What makes a great teacher? Matej Kastelic/www.shutterstock.com
Research into learning analytics is growing apace but is still nascent – so it is a problem that politicians have decided to use it as a promised messiah to define and measure excellence.
This is not to say that learning analytics are not useful – they are very good at doing specific things that can possibly improve the student experience. For example, metrics can identify students who do not access the class materials or attend the lectures. These students can be taken aside and asked if they need additional support.
But here is the conundrum: there is no empirical data that says that all students who display these behaviours need additional support. Learning analytics are increasingly being seen as a universal panacea for anything that may ail education. But this has not proven true in the last ten years: we have terabytes of big data on student learning but very little empirical research on its actual impact. Outputs and outcomes in terms of lectures attended are not measures of impact on the individual lives of university students.

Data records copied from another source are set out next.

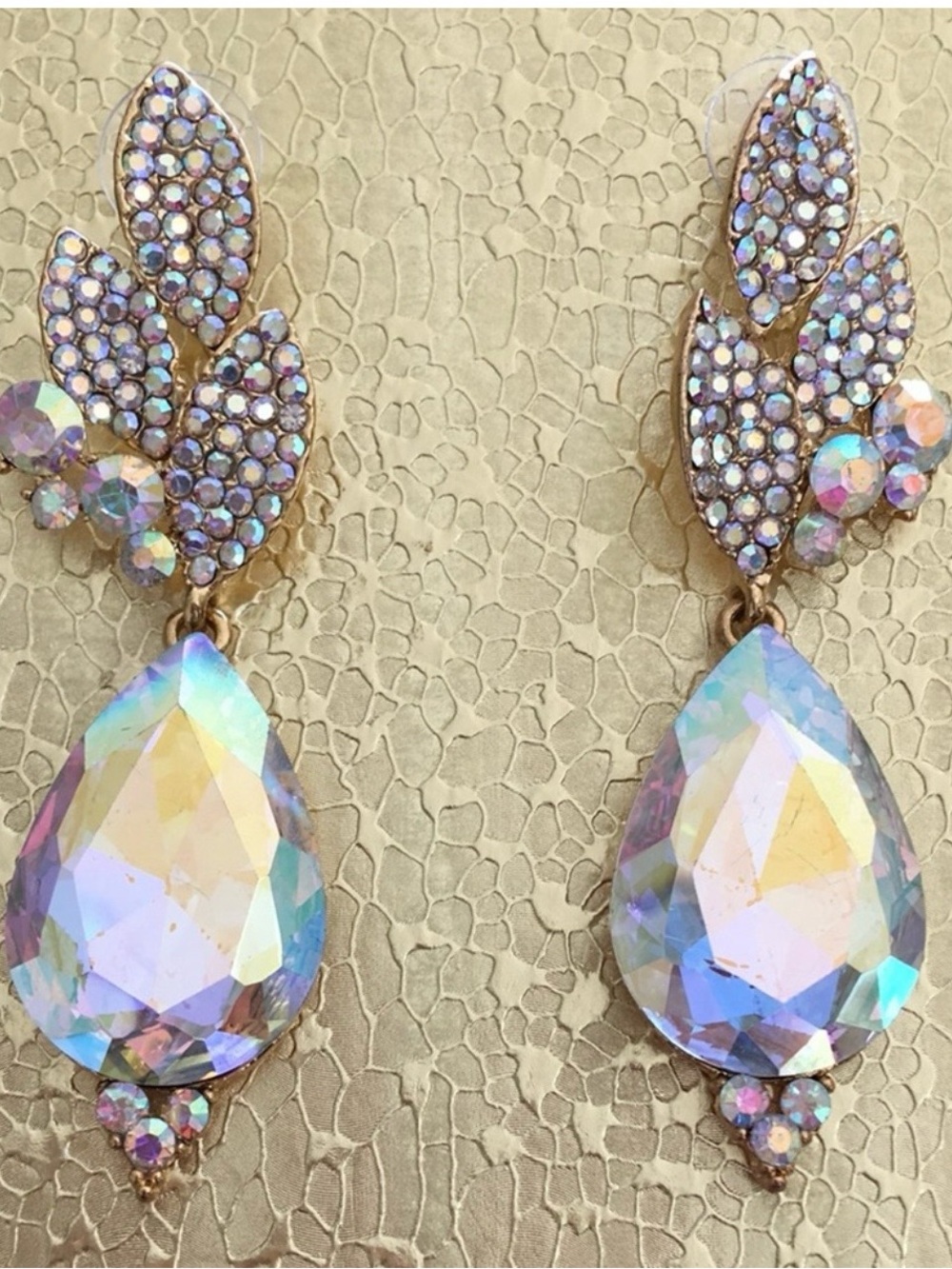 Iridescent Teardrop Rhinestone Dangle Earrings - Gold Tone AB crystal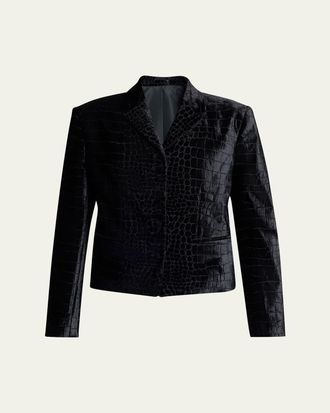 Tom Ford Croc-Embossed Velvet Single-Breasted Jacket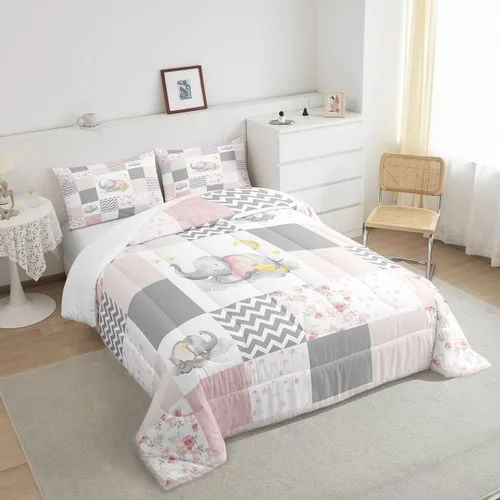 Vista 5 de Lindo juego de edredón de elefante, tamaño individual, juego de ropa de cama de dibujos animados Kawaii con flores de animales para niños y hombres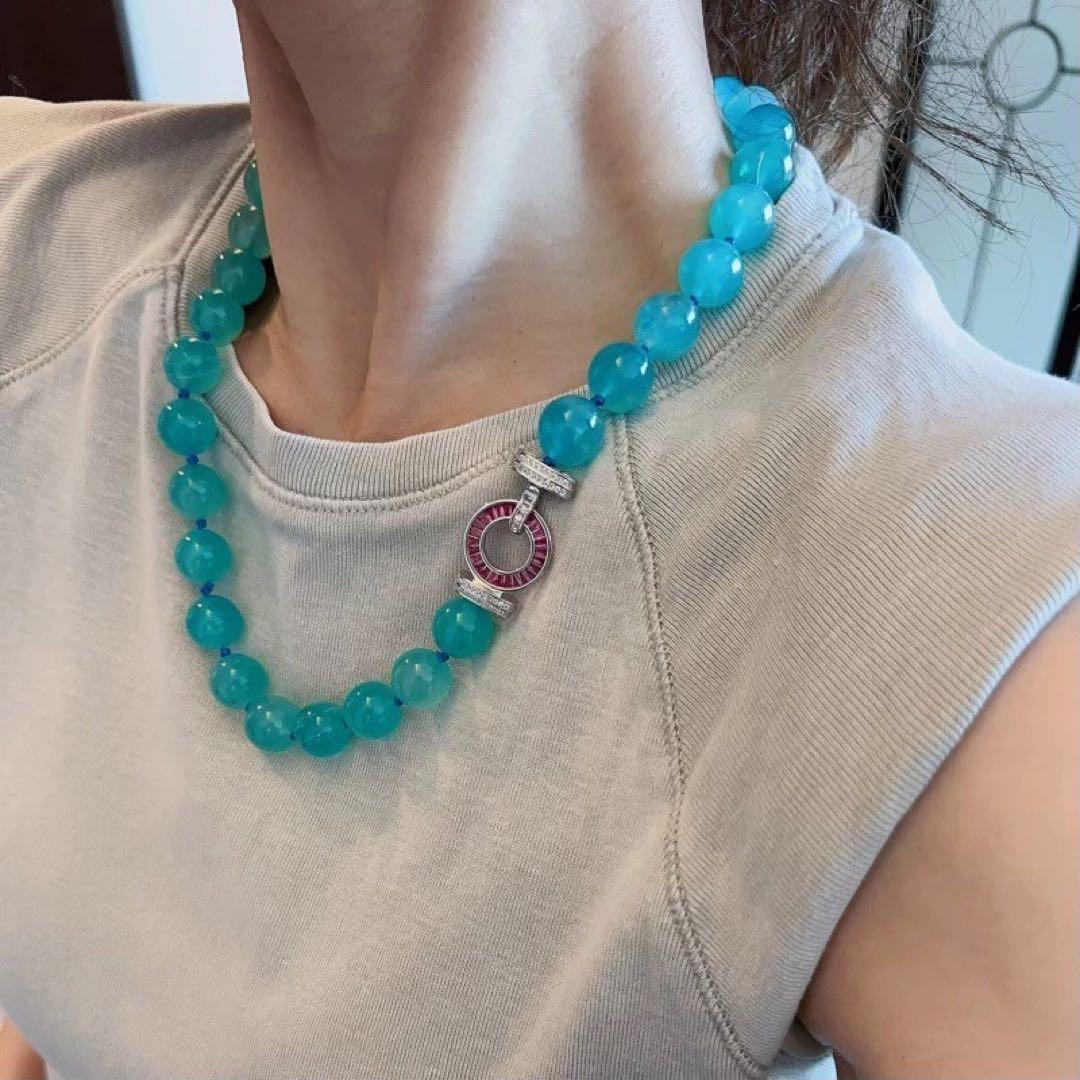 ZEP　天然石 アマゾナイト ネックレス モザンビーク産 氷種 大玉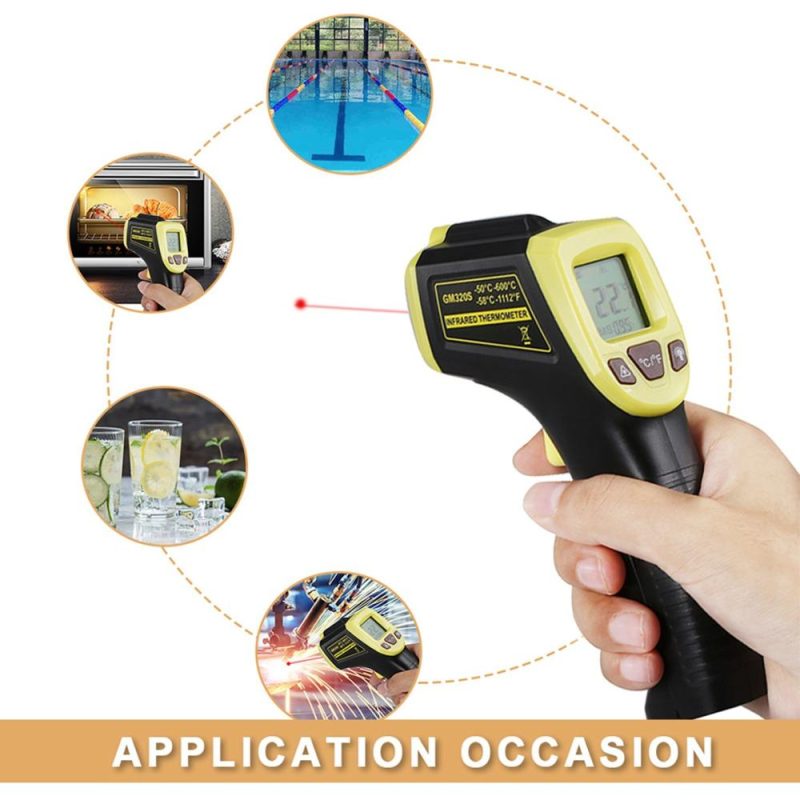 Infrared Thermometer, Non-Contact Digital Laser Temperature Gun -58°F to 1112°F (-50°C to 600°C) with LCD Display  |   Others Others Black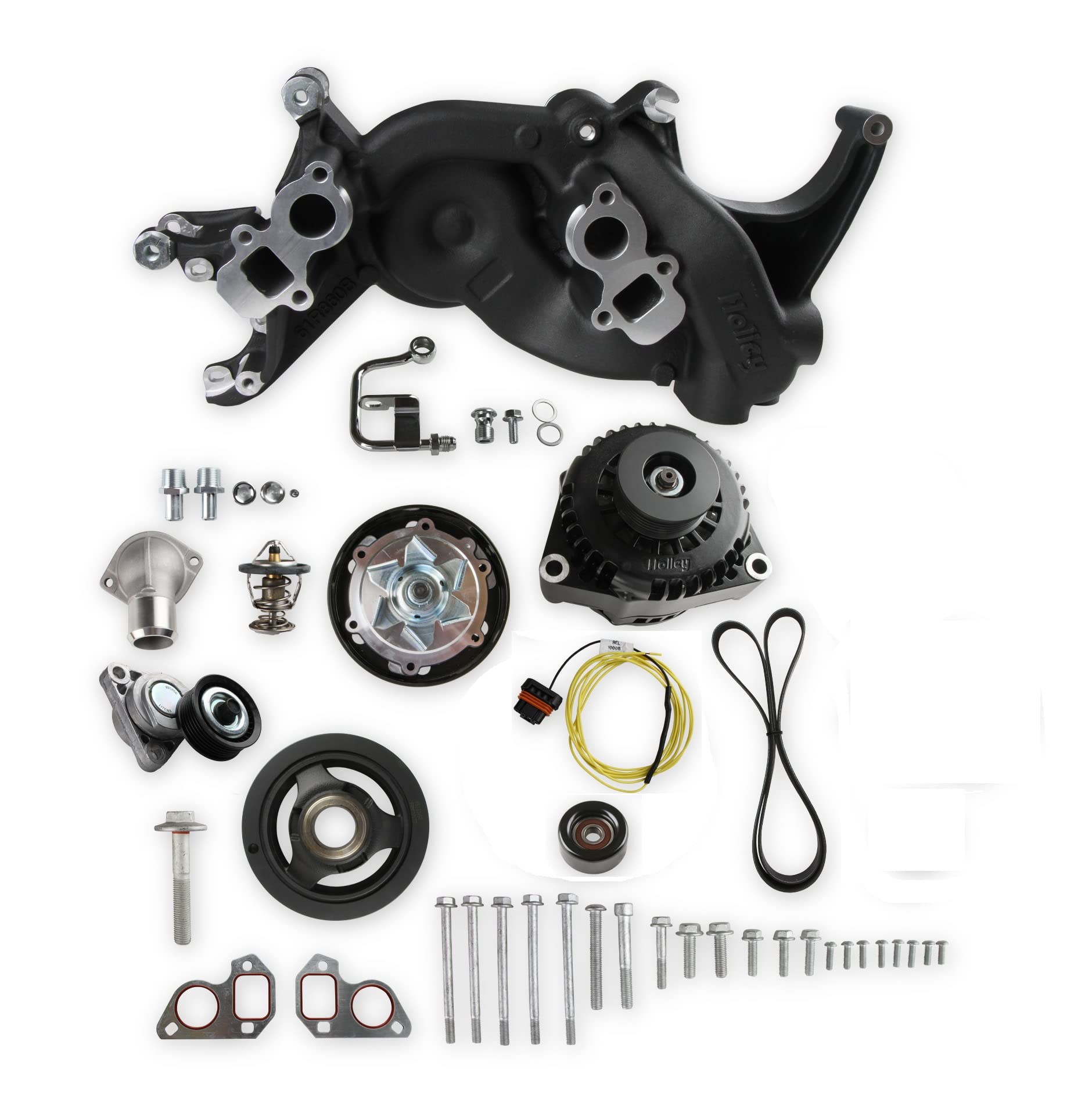 Holley LS Swap Complete Front Accessory Serpentine Drive System | Mid-Mount with Water Pump, Alternator | Gen III/IV 4.8/5.3/LS1/LS2/LS3/LS6 Black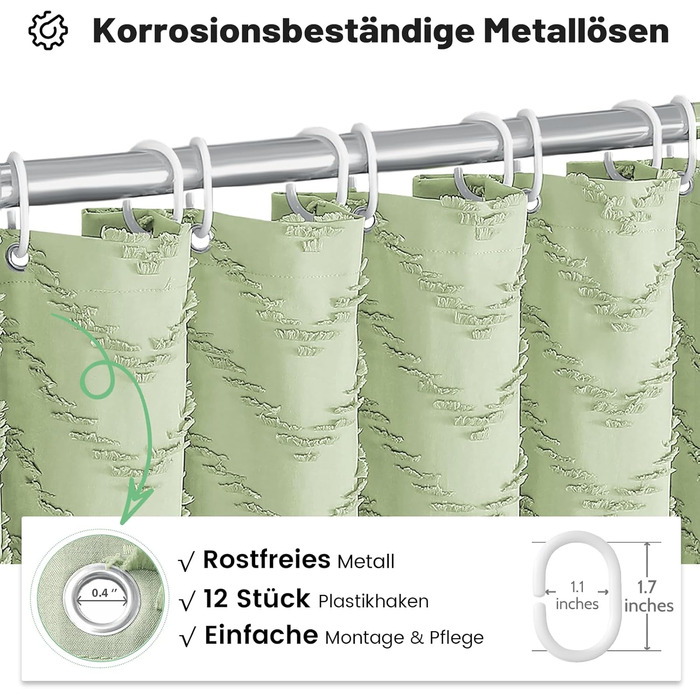 Штора для душу BTTN 180x180 см, Бохо, бежева з китицями, водонепроникна, з гачками (12 шт.)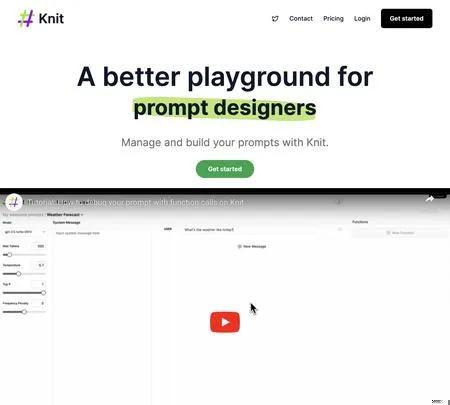 Screenshot of the site of Knit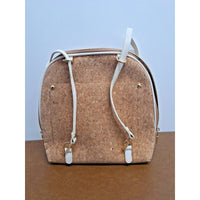 Mistique Cork & Faux Leather Double Strap Backpack Purse With Gold Accents And M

The introduction of learning analytics as a measure of teaching excellence will have one definitive outcome: spurious correlations. Lest we forget, correlation does not equal causation and the best that learning analytics can currently do is correlate that more years of completed education correlate to a higher graduate earning potential. That is not enough to undermine the years of educational research that stresses the importance of relationships and presence of teachers in the classroom.
Game on
Suggesting that universities use solely qualitative measures to examine teaching and learning is not practical, but there needs to be a balance between what the statistics may reveal and the actual teaching and learning experience.
The government has charged the Higher Education Funding Council for England – now to be subsumed into a new body called UK Research and Innovation – with the task of developing a system of checks and balances to measure teaching excellence so that universities do not try and game the system. These measures are slated to go live in year three of the TEF roll out.
The next three years are likely to see a rash of university policy and practice that will not encourage collegiality – nor will it help to build bridges between innovative teaching practice and quality learning. Instead it may produce the same wheeling and dealing that the Research Excellence Framework does, except this will be much more frequent. The game has officially changed.